_Records for this task_.
--------
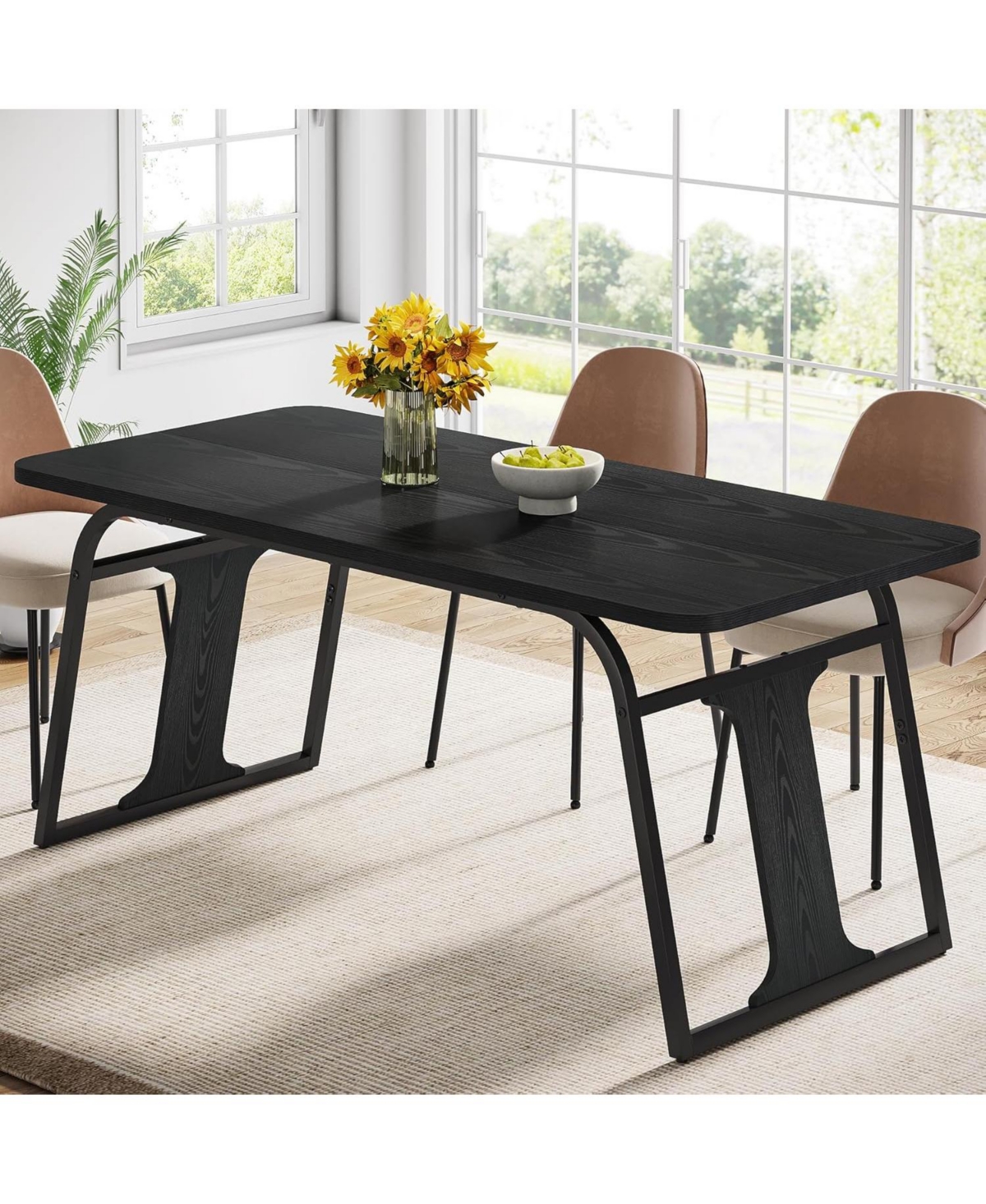 Tribesigns Modern Dining Table for 4-6, 63-Inch Rectangle Kitchen Table, Wood Dining Room Table with Sturdy Metal Legs, Dinner Table for Dining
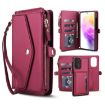 Samsung Galaxy A72 5G Red Leather Wallet Phone Case with Lanyard - 1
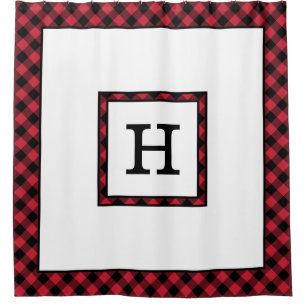Monogram with Red Black Buffalo Check Border Shower Curtain
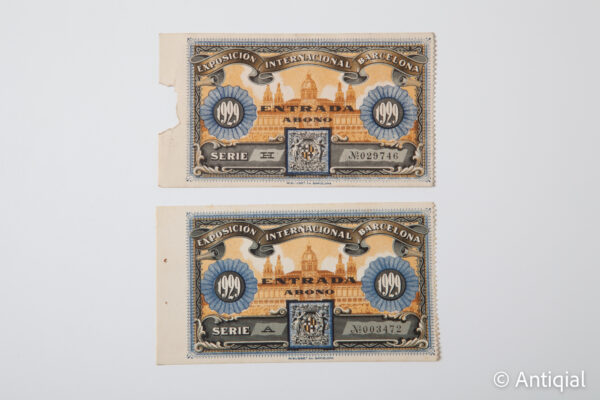 Second Spanish Republic - Ticket to visit the Barcelona Exhibition of 1929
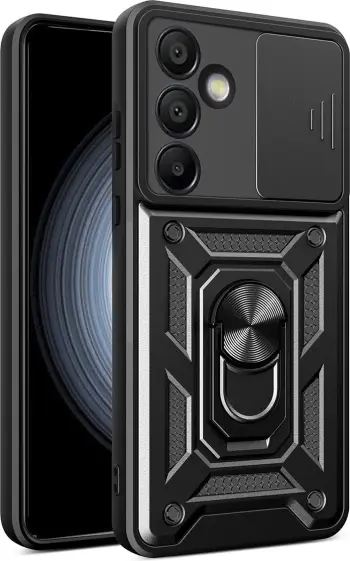 Mbështjellës Hurtel Hybrid Armor Camshield për Samsung Galaxy A56, me kapak kamere dhe mbajtëse, zi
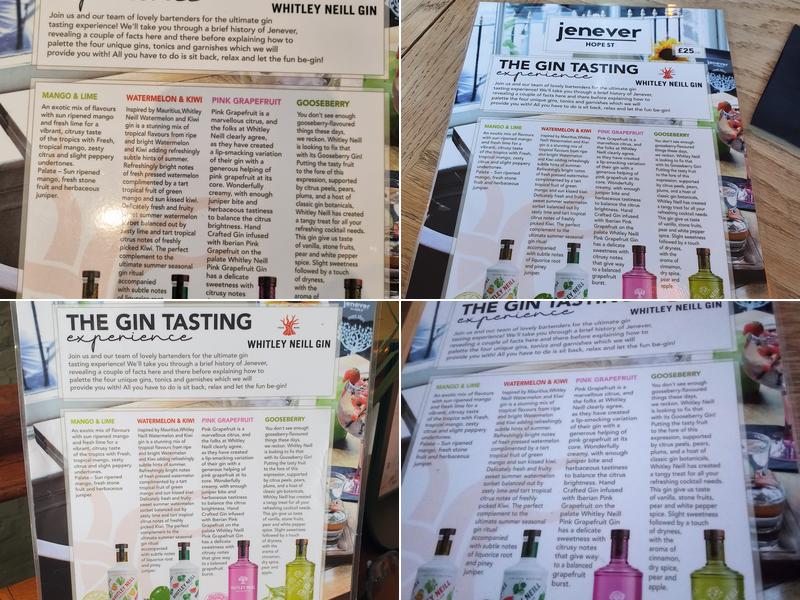 Jenever Gin Bar Menu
--------
_Prompt_. Without the pictures, output the full listing exactly as it stands.

_Solution for this exercise_.
 Tribesigns Modern Dining Table for 4-6, 63-Inch Rectangle Kitchen Table, Wood Dining Room Table with Sturdy Metal Legs, Dinner Table for Dining
 Samsung Galaxy A72 5G Red Leather Wallet Phone Case with Lanyard - 1
Monogram with Red Black Buffalo Check Border Shower Curtain
 Second Spanish Republic - Ticket to visit the Barcelona Exhibition of 1929
 Mbështjellës Hurtel Hybrid Armor Camshield për Samsung Galaxy A56, me kapak kamere dhe mbajtëse, zi
 Jenever Gin Bar Menu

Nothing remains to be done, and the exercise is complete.